Cars and the motor industry have shaped New Zealand for more than 100 years. Although New Zealanders’ dependence on cars has been criticised, many see their car as an extension of house and home.

Historically, the car was the ideal transport solution for New Zealand’s small rural population, dispersed over a relatively large land area with rugged terrain. Low-density housing in towns and cities led to the car also being the favoured transport choice in urban areas. Only one city – Wellington – has an extensive suburban rail network and, while all major cities have suburban bus services, many people prefer the freedom that cars allow.

New Zealand’s first cars

The McLean Motor Car Act 1898 legalised the operation of motor vehicles, providing they were lit after dark and did not go faster than 12 miles (20 kilometres) per hour. That year William McLean of Wellington had imported two Benz cars, New Zealand’s first motor vehicles. It was another two years before Aucklanders saw their first car.

Extinct cars 

A 1912 car magazine listed a number of available makes, mostly names that have long since disappeared: the De Dion Bouton, the silent Sunbeam, a 10-horsepower Austin, the Siddeley-Deasy, the noiseless Napier, and the American Mitchell, Maxwell and Buick.

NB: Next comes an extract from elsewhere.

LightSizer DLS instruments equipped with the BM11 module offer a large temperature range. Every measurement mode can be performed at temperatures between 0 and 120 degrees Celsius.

Only Buick survived in the 2000s, and only in very small numbers in New Zealand. 

The first cars were expensive. The French Darracq, a good touring car (larger, open-top cars, which usually had both front and back seating), cost £275–£600 in 1912 ($48,000–$105,000 in 2020 terms), depending on horsepower. The Mitchell, advertised as ‘the aristocrat of American cars built on English lines’, was £495 ($86,000).

In the early 1900s cars cost more than senior public servants earned in a year, so the initial market was limited to professionals, especially doctors, and wealthy sheep farmers. The first car in central Canterbury was owned by the runholder at Rockwood station, who had to send to Sydney for petrol.

Growth in car ownership

From 1925 owners had to register their motor vehicles. By 1929 there were more than 150,000 on the road. New Zealand had one car for every 10 people, second only to the US (1:5) and ahead of Australia (1:15) and Britain (1:47). Cars were becoming more affordable, and their numbers reflected the country’s prosperity in the 1920s.

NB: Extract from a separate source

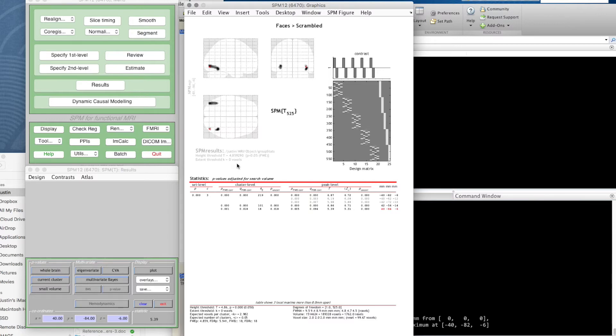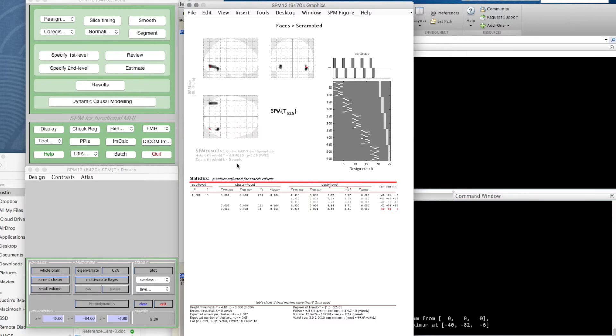This is extent threshold k equals zero voxels. You would normally leave this at zero because if you raise it, you're hiding data. If you've got quite messy data, an individual voxel that is apparently statistically significant is unlikely because adjacent voxels are so highly correlated.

Annual registrations dropped during the 1930s depression, but by 1939 they were well ahead of the previous decade. However, many people still could not afford a car.

The arrival of the age of mass motoring was symbolised by the opening of the Auckland Harbour Bridge in 1959. New car registrations reached 102,000 in 1973, the year of the first oil shock, which brought massive increases in petrol prices. This number was not exceeded until 1989.

By the early 2000s vehicle registrations had increased significantly, with more than 200,000 cars, both new and second-hand imports, appearing on the road for the first time each year. In 2020, 1.7% of all vehicles were electric, three times the proportion just two years earlier.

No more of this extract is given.